Sorry, its so late. Remember your fat friend with huge boobs. i need her number..its an emergency
so i know my style isnt the best ever but u should have told me i was wearing two different shoes
Call me in 2 minutes and go along with what I say. You're hysterical and I must go comfort you asap. He just asked if I was ready to experience sex with a wizard and he wasnt kidding.
Just role played anchorman. And yes, I did take her to pleasure town.
Also, I've sobered up around 5am, in Delaware.
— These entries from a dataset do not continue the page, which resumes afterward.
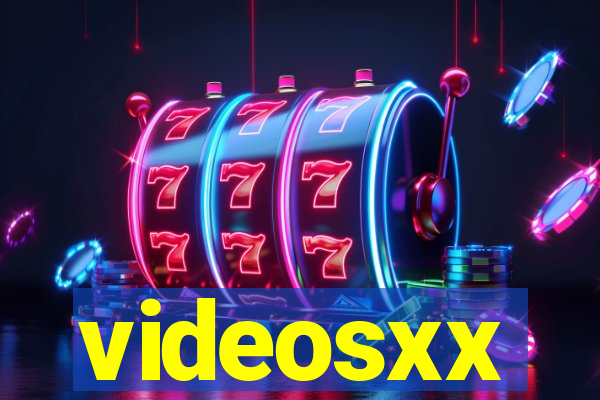 videosxx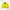 Vintage Sportswear Windbreaker Pria yellow photo 1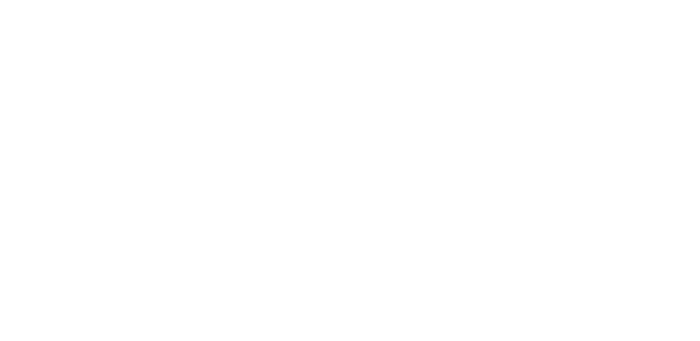 Tout peut changer, et si les femmes comptaient à Hollywood ?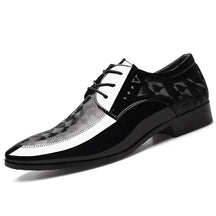 Sapato Social Masculino Derby  Em Couro confortável, modelo social, ideal para uso diário e ocasiões especiais.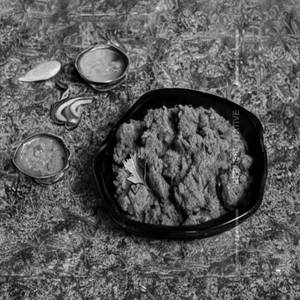 Kaju Masala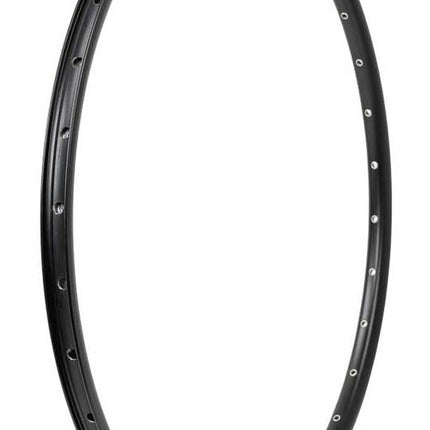 Velg 27.5" Ryde Rival 19 32-14 24.6MM Zwart
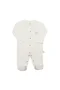 Bistyle Modal Flying Balloons Tulum Bs15114 Ekru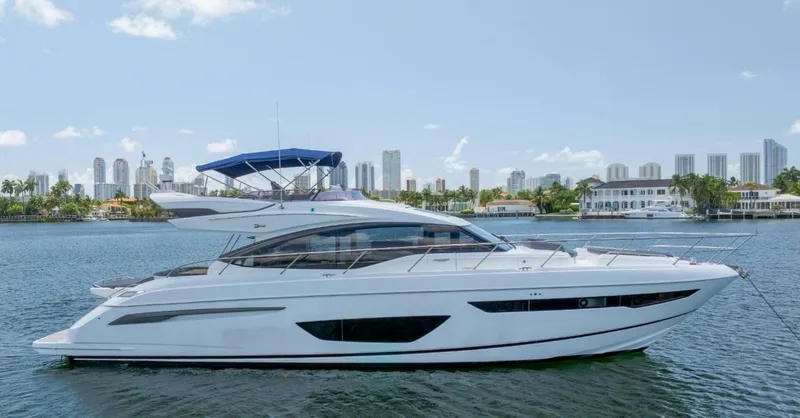 Slide: The Image of Princess S65 2017 - 5893433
I remember making this decision, and highly regret it now.
well if I unknowingly shoved my hand up someones ass, I'm glad it was yours
andd if someone unknowingly shoved their hand up my ass without me knowing, im glad it was you
whatever a "slut portfolio" is, mine is apparently almost complete
yeah i didn't know anyone, but i just walked in with a lit sparkler and wearing a budweiser shirt and someone handed me a beer.
The only thing worse than being arrested is the fact the cop confiscated my green dinosaur costume.
Shirtless guy staggering down the sidewalk, puking into a Prada shopping bag. Ahhh, the walk of shame in Boystown.
Though the booty shorts might give me an extra discount. Or arrested. We'll see.
I made a nest in his bed. I'm not leaving
You're not gonna like every guy whose dick I put in my mouth
1 fuck you 2 fuck her 3 ur forgiven 4 im breaking up with her
Have you ever forgotten how to pee? I did last night. Standing in front of the urinal with dick in hand. WTF were we drinking???